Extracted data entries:
★ ★ ★ ★ ★

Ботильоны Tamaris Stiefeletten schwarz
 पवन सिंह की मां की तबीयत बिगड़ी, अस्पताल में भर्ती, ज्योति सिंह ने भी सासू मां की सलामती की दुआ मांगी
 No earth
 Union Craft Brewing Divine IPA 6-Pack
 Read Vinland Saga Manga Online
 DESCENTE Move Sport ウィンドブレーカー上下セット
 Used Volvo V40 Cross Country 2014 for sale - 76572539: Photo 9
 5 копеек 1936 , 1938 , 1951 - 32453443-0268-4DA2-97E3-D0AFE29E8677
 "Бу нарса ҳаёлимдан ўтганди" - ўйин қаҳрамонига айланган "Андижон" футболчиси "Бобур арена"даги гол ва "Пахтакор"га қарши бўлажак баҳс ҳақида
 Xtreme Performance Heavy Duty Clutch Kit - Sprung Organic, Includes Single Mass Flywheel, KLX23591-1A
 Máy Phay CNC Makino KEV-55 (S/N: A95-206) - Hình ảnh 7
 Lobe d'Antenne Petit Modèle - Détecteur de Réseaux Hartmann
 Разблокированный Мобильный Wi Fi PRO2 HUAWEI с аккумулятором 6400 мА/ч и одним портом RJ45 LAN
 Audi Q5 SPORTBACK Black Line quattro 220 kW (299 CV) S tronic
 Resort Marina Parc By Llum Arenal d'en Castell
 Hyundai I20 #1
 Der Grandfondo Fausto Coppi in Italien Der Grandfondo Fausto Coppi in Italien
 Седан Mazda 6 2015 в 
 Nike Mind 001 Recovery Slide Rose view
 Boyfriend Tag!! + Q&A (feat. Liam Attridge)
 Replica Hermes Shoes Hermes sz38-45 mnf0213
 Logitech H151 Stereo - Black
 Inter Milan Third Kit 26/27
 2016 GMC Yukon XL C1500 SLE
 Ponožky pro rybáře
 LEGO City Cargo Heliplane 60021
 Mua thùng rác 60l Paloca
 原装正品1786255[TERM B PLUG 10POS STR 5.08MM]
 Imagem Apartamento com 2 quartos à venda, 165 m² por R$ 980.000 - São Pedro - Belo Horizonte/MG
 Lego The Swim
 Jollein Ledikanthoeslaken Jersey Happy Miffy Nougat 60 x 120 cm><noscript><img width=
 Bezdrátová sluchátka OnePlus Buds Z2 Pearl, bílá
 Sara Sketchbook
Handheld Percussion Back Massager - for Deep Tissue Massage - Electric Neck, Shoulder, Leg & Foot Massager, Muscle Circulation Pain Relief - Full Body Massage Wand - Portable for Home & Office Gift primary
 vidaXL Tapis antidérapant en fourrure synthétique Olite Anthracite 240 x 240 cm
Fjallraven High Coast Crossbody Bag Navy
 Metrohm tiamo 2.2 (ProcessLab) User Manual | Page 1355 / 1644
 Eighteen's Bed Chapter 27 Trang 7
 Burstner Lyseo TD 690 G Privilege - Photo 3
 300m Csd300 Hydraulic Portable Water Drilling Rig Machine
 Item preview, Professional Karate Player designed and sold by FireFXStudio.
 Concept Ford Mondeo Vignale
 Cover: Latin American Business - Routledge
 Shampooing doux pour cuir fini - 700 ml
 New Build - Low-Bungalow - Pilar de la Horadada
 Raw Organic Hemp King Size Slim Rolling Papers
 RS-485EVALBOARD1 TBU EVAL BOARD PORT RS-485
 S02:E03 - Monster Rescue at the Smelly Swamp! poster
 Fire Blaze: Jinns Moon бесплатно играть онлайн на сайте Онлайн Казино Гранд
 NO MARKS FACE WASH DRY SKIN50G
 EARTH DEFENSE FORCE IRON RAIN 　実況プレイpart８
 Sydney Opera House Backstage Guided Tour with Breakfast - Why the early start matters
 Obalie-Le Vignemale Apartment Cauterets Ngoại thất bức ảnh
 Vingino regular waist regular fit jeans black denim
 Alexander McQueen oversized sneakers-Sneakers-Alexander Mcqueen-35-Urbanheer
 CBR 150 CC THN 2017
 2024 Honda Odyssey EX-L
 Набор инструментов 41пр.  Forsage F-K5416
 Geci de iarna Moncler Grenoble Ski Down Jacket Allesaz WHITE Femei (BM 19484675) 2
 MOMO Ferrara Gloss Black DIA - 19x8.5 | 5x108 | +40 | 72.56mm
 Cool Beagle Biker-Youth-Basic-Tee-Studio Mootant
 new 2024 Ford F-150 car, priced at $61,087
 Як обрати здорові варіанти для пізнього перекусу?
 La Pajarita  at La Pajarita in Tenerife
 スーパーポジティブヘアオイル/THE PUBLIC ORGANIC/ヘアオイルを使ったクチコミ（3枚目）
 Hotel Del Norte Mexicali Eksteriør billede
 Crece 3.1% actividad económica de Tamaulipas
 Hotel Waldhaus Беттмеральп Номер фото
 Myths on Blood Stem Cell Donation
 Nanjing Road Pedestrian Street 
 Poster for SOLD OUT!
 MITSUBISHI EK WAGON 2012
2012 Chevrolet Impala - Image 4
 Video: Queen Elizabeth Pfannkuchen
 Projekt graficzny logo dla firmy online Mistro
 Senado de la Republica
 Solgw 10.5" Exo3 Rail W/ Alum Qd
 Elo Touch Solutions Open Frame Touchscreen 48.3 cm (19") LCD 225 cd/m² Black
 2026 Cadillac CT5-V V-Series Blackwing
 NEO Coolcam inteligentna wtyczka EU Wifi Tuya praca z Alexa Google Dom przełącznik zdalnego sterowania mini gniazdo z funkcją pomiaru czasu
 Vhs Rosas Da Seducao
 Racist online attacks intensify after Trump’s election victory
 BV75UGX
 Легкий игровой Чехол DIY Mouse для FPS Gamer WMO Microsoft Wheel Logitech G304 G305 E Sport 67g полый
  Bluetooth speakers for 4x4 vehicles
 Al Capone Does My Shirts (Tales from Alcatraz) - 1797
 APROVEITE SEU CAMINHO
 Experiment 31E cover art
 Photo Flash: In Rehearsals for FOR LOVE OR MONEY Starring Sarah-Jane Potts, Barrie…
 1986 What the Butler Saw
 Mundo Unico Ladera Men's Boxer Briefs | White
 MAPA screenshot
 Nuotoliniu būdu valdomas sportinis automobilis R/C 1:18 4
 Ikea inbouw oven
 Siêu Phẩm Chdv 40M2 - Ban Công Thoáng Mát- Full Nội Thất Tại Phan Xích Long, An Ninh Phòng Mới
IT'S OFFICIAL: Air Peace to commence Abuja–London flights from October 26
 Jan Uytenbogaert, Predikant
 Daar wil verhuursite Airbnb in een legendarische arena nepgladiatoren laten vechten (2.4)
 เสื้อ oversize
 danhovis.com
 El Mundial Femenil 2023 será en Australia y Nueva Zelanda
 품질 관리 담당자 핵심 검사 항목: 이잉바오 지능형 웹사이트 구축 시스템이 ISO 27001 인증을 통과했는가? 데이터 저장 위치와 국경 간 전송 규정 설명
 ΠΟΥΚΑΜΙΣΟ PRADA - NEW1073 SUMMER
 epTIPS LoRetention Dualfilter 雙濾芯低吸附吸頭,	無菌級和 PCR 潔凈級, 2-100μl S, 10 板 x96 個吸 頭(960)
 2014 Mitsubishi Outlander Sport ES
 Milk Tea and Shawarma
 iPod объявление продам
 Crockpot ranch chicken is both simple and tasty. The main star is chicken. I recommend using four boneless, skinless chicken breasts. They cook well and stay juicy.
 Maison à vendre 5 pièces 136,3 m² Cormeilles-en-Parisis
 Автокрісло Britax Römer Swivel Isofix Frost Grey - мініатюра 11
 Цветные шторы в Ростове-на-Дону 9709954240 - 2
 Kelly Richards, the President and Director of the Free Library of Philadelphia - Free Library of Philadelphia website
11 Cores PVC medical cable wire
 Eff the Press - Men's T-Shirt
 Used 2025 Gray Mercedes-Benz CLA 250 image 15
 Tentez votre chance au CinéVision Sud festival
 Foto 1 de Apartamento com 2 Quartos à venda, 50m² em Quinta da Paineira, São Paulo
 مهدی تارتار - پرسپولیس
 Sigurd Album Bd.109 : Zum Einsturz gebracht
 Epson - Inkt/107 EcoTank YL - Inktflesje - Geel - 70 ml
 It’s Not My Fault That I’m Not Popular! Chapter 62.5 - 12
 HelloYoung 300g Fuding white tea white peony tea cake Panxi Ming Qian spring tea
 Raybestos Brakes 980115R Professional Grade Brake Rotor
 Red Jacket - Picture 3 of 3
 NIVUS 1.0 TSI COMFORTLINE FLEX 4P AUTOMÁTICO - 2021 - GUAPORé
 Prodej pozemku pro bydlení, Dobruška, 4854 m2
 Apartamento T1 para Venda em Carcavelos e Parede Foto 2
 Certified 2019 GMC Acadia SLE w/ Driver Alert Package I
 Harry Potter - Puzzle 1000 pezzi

★ ★ ★ ★ ★

## TASK REQUIREMENTS
Pull out each line of the records holding the string "Chapter".

## ANSWER SPACE
 Eighteen's Bed Chapter 27 Trang 7
 It’s Not My Fault That I’m Not Popular! Chapter 62.5 - 12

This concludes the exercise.